Alumni Spotlight: Asare Kester-Akrofi (MPPAL ’20)

Alumni Spotlight: Asare Kester-Akrofi (MPPAL ’20)

Completing a degree while working full-time is no small feat. Asare Kester-Akrofi (MPPAL ’20 ) graduated from York's Master of Public Policy, Administration and Law (MPPAL) program during a global pandemic while working full-time in public service and volunteering with the United Way.

Asare Kester-Akrofi

Congratulations on receiving the Emerging Leader Award presented by School of Public Policy and Administration! Balancing school, full-time work and commitments are no easy tasks. How do you do it? Any tips?

It wasn’t easy but it was certainly worth it. The School of Public Policy and Administration community really helped me succeed. I aligned myself with really strong individuals in the program, and the faculty was also supportive in our growth within the program and beyond. Whether it was emotional, academic or other types of support – our source of strength came from each other.

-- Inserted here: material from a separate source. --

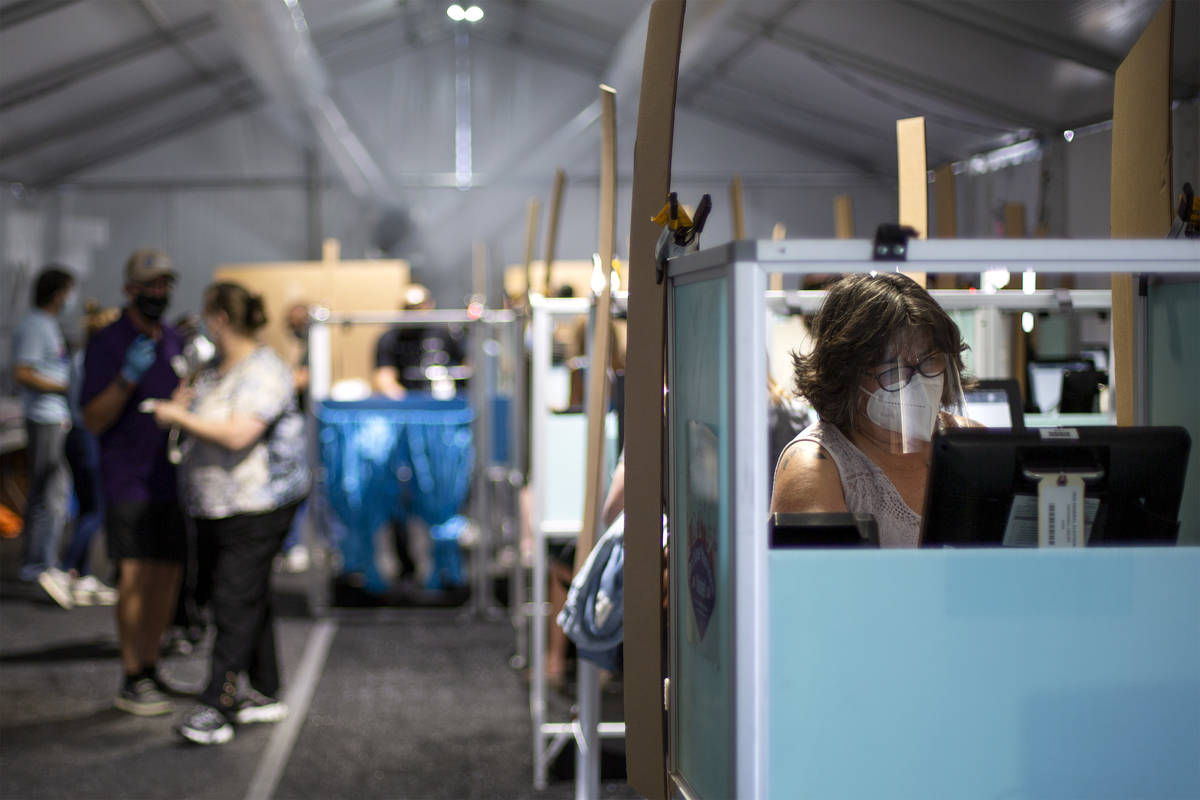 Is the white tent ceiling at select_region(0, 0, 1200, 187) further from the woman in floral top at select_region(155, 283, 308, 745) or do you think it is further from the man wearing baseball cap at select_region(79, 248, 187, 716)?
the woman in floral top at select_region(155, 283, 308, 745)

The program is designed for students that work full-time and I was still undertaking studies when the shutdown due to COVID-19 took place. I was moved between different divisions and areas – trying to continue to provide vital services to those who need it (particularly homeless populations). In addition to responding to COVID-19 as a public service professional – I had to figure out how was I going to get through my final term in March. I was able to manage my time but the opportunity to have open and honest conversations with faculty were particularly helpful. Though it was challenging and at times turbulent, nothing worth having ever comes easy. I knew that I was furthering my education so that I could deepen my impact within the public service.

I understand you were an active student within the MPPAL program and continue to be involved as an alumni. What motivates you to stay connected with the school?

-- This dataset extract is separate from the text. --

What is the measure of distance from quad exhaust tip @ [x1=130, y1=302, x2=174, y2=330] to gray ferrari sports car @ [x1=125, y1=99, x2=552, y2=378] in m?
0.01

After my undergrad, it seemed that graduate school was out of reach for me. I never thought that I would ever go back to school again.

As I advanced within the public service, I realized that in order to further my career it was integral that I pursued higher education. I had to learn everything gradually and independently so I believed that formal education would be germane to my professional and personal development. It would equip me with the right tools and that once admitted – I would take advantage of all the opportunities that were presented.

Participating in the MPPAL program was a beautiful experience; one that took a lot of work, effort and energy but what I have gotten back from it, I cannot begin to quantify. I am grateful for the doors that have opened up for me because of the program and the people within it.

Moving past my grad school experience, I remain motivated to stay connected and give support. Whether its volunteering time or talent, or helping others to stay motivated, for me it's easy because it’s second nature to give back. Whether I have the bandwidth or not – I endeavor to find capacity because it is important for me to contribute to the community.

I see that you are an active volunteer with United Way. Can you tell me about what you do with them?

The involvement with United Way goes beyond volunteerism; I was a service recipient as a youth, directly benefitting from its’ programs and services. These initiatives helped me build the necessary coping skills growing up as a young adult within the inner city.

My involvement extends in several areas – I initially became involved as a volunteer through my workplace campaign when I was at the City of Markham. I held the position of a “GenNext” Cabinet Member where I worked with young professionals across a variety of industries to address issues such as marginalized communities, homelessness and to ensure that local support for necessary services were in place.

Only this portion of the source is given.